Thursday in 2 Advent, December 9, 2021

O God of authenticity, give us humility to receive the rebukes for our hypocrisy, and refrain from replacing right behaviors with religious piety, and help us to "know ourselves," by continual deferral to the Messiah, the one who is unsurpassable but who shares the direction of surpassability with us so that we can repent.  Amen.

Wednesday in 2 Advent, December 8, 2021

God of Power, is there any hope for "Christian" empires consisting of people who have forgotten our origins as oppressed peoples following the Christic martial arts of the beatitudes?  We pray for the perfection of power in being transformed for the care of everyone in society, especially the vulnerable and the weak, and help our democratic leaders to know care as the only way that power can be perfected.  Amen.

Tuesday in 2 Advent, December 7, 2021

O God, who could be named the superlative of all virtues, we seek to know joy as a sustainer and compensating fullness in the midst of life where the sadness of loss and the results of oppressions, tyranny, and lying are so rampant.  Let us not reduce joy to happiness for getting what we want but know it as a flow from a deep well as affirmation for original goodness of life itself.  Amen.
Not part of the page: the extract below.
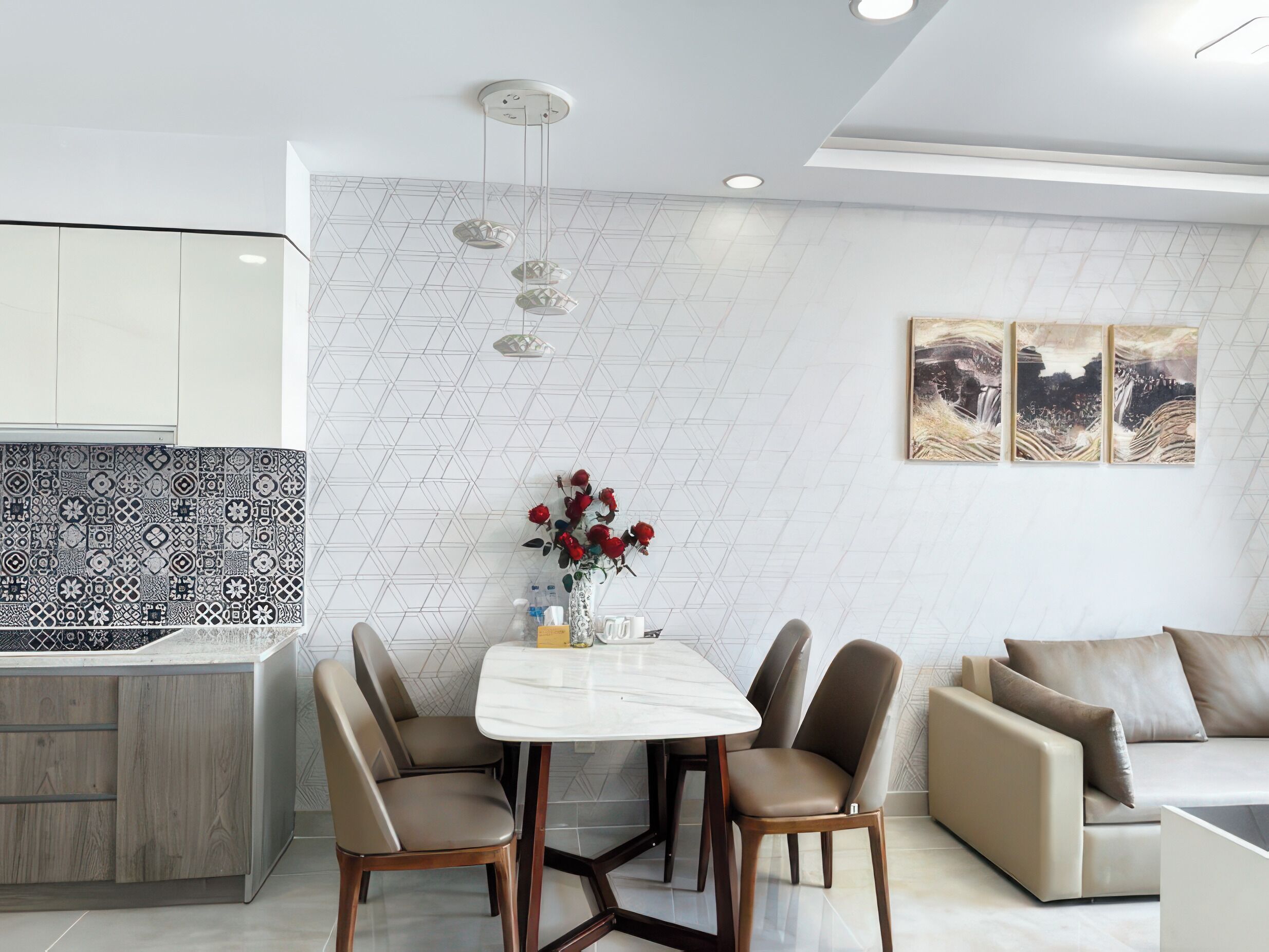 A modern kitchen with a white tiled backsplash, a dining table with chairs, and a sofa.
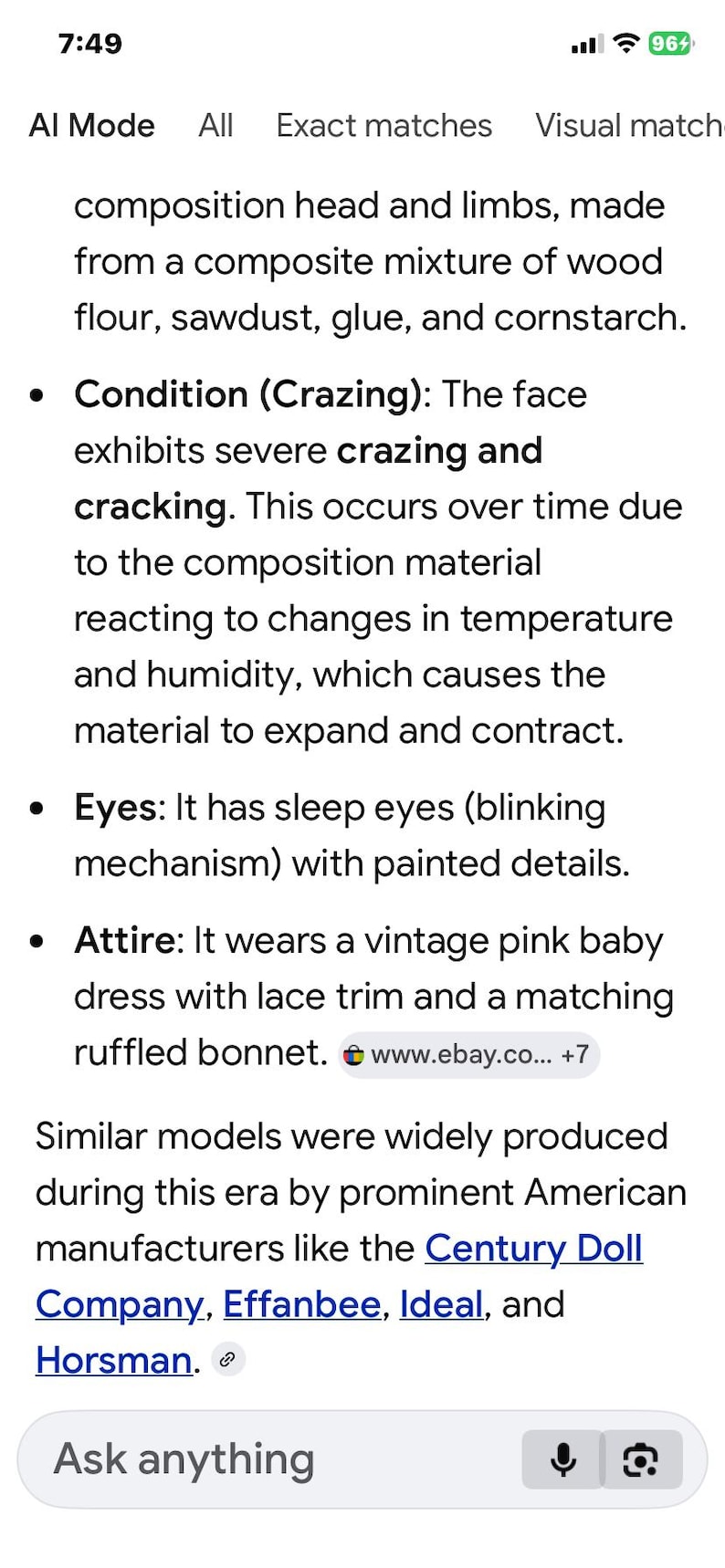 May include: A vintage doll with a composition head and limbs featuring visible crazing and cracking. The doll has sleep eyes with painted details and wears a pink baby dress with lace trim and a matching ruffled bonnet, reflecting mid-century design.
Monday in 2 Advent, December 6, 2021

O God of Nicholas of Myra, his outstanding witness of kindness to children inspired the imaginations to make him is his posthumous days a near universal saint of children.  Let the spirit of kindness reign today toward children so they can be nourished in hope for a future which from our current world can oft seem dire.  With hope let our children be inspired in creativity to make Nicholas' kindness universal.  Amen.

Sunday, 2 Advent, December 5, 2021

O God who inspires strategies of people getting better; you sent John the Baptist to emphasize the importance of understanding moral and spiritual direction and the importance of making a commitment to perfection even when our failure due to bad habits humiliate us as a strategy for bringing us to experience the grace of the baptism of the Holy Spirit, the Higher Power promised us in Jesus Christ.  Amen.

Saturday in 1 Advent, December 4, 2021

O God of desert solitude, city bustling activity, countryside pastoral settings; lead us to cross pollination of ideas and pieties born in different settings so that we might enlarge our hearts to understand the meaning of justice for persons within different life situations.  Give us grace to tolerate diversity even as diverse people honor justice for all.  Amen.

Friday in 1 Advent, December 3, 2021

O God of the Rainbow, comprehending the entire diversity of what is; give us the wisdom of knowing yes and no on matters of love and justice, but also the grace of the threshold between the either and or, because we are people in progress toward what we yet want to become.  Help me to know that my yesterday's yes, might be today's "no" because of the becoming in time toward what justice continually means.  Amen.

Thursday in 1 Advent, December 2, 2021

O God of the Silence which speaks and inspires, you sent John the Baptist from the silence of the wilderness to preach perfectability as the direction of human becoming, and he prepared the way for Jesus to baptize with the Higher Power of your Spirit, so that we might have the ability to progress in the path of the perfect excellence to which we are called.  Amen.

Wednesday in 1 Advent, December 1, 2021

Gracious God who calls us to excellence, let us be on the adjustable path toward perfection as we face always the binary of what is, with what is better for the people of our world in kindness, love, and justice.  Let us always resolve the binary of what is and what is better with creative advance toward excellence.  Amen.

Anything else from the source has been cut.